Manual Sanchez y Madrid, Deputy Chair of IFAC's Compliance Advisory Panel, discussed IFAC's Member Body Compliance Program. The Program is a means to evaluate the quality of IFAC member and associate member bodies' endeavors to meet IFAC membership requirements. The Program includes a self-assessment of compliance and development of country-specific action plans. Click here for more information about IFAC's Member Body Compliance Program.

Henri Fortin, Senior Financial Management Specialist at The World Bank, discussed the World Bank's ROSC Reports on Accounting and Auditing in Latin America and the Caribbean. He noted that in the region 15 ROSC A&A reports have been completed, 3 are at the drafting stage, and in 3 countries the review is underway. The objectives of the ROSC program are two-fold:

  • Assessment. Analyse comparability of national accounting and auditing standards with international standards, determine the degree with which applicable accounting and auditing standards are complied, and assess strengths and weaknesses of the institutional framework in supporting high-quality financial reporting.
  • Action plan. Assist the country in developing and implementing a country action plan for improving institutional capacity with a view to strengthening the country's corporate financial reporting regime.
Click here for More Information about the ROSC Accounting and Auditing Reviews. Mr Fortin also explained the ways that The World Bank has provided technical assistance in the accounting and auditing area to the region. These include assistance in adopting IFRSs, improving university curriculums to include IFRSs, and quality control in the accounting profession. He also noted that the Bank has provided 17 virtual accounting and auditing seminars with 16 connected countries in the region since October 2006. Topics of the seminars have included IFRSs and the IFRS for SMEs.

 

Luciano Schweizer, Operations Specialist at the Interamerican Development Bank (IDB), said the IDB has organised IFRS and ISA projects in nine countries in the region. These include assistance in adopting IFRSs and ISAs, IFRS training, and helping to design the curriculums at 12 universities. Mr Schweizer said that, in the region, some countries have the capacity to adopt IFRSs and ISAs directly, while others, for now, converge their local standards toward international norms. He acknowledged that with convergence, the result is not necessarily an international standard.
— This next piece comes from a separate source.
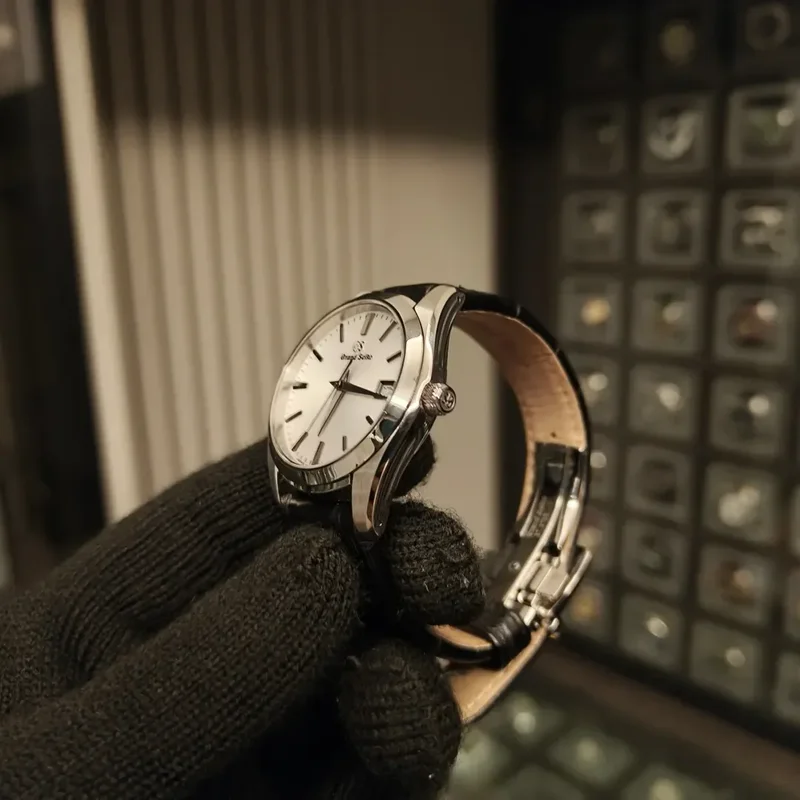 Thumb Quartz Date Stainless Steel / Silver / Leather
peg.gif SMEs and SMPs: A Prosperous Partnership for Sound Financial Reporting

Paul Pacter, the IASB's Director of Standards for SMEs, reviewed the history of development of the IFRS for SMEs, which was published in 9 July 2009. The IFRS for SMEs is a self-contained standard of 230 pages tailored for the needs and capabilities of smaller businesses. Many of the principles in full IFRSs for recognising and measuring assets, liabilities, income, and expenses have been simplified; topics not relevant to SMEs have been omitted; and the number of required disclosures has been significantly reduced. To further lessen the reporting burden for SMEs, revisions to the IFRS will be limited to once every three years, Mr Pacter said. He noted that the Spanish translation of the IFRS for SMEs was posted on the IASB's website on 17 September 2009. To support implementation the IASC Foundation is developing comprehensive multilingual training material and is working with international development agencies to provide instructors for regional workshops to 'train the trainers' in the use of the training material, particularly within developing and emerging economies. The English language material will be downloadable free of charge from the IASB's website in late 2009.
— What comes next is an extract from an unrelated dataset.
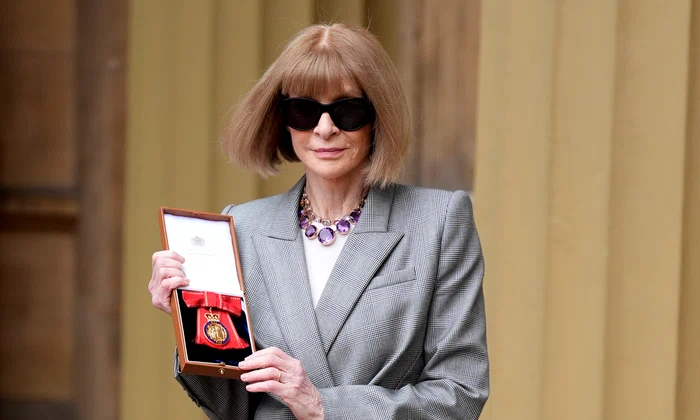 Anna Wintour decorată de Regele Charles   GettyImages 2197082998 jpg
Ricardo Rodil, Member of IFAC's Small and Medium Practices Committee, said SMEs have been affected by the global financial crisis and are finding access to capital more difficult. There is a need for all SMEs, including micros, to public good quality financial reports if they want to obtain capital.

Vania Maria da Costa Borgeth, Chief Accountant at BNDES (a Brazilian government-sponsored development bank that supports SMEs), said her bank welcomes the IFRS for SMEs because it provides high quality, transparent information for small companies. We want to work to make the IFRS for SMEs become a reality for Brazilian SMEs, Ms Borgeth said, but she noted that some SMEs resist the effort and cost of making such a significant change.
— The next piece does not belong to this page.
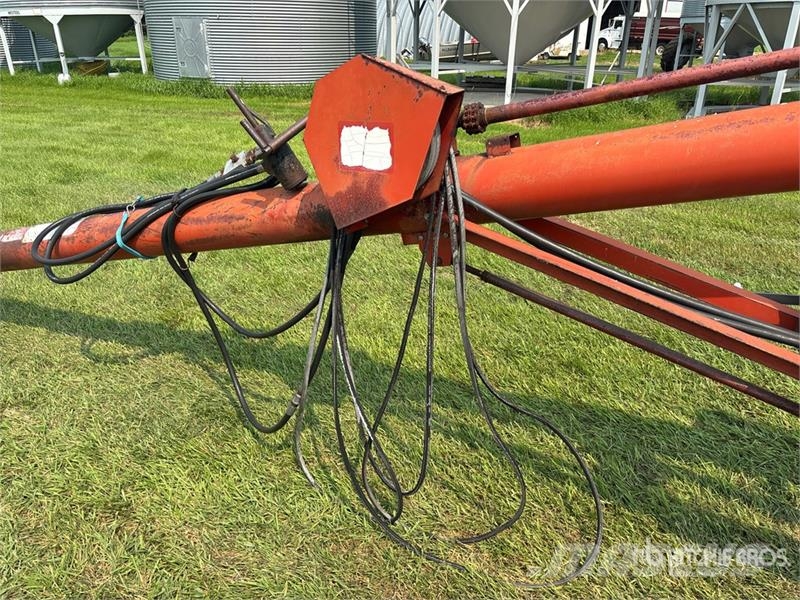 Sakundiak 7 in x 41 ft Grain Auger 운반 장비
This summary is based on notes taken by observers at the conference and should not be regarded as an official or final summary.

 

Conference on accounting in Latin America – day 1

24 Sep 2009

The World Bank, the International Federation of Accountants, and the Interamerican Development Bank are jointly hosting the third annual conference on Accounting and Accountability for Regional Economic Growth in Latin America and the Caribbean (referred to as CReCER after its Spanish/Portuguese acronym).

Deloitte is one of the sponsors. The conference is being held in Sao Paulo, Brazil, on 23-25 September 2009. About 900 delegates are participating. This year's conference theme is Restoring Confidence in the Wake of the Financial Crisis. On 22 September 2009, the day preceding the conference, the IASB hosted a meeting of regional standard setters. Presented below are notes taken by Deloitte observers at the first day of the conference – focussing mainly on comments about financial reporting.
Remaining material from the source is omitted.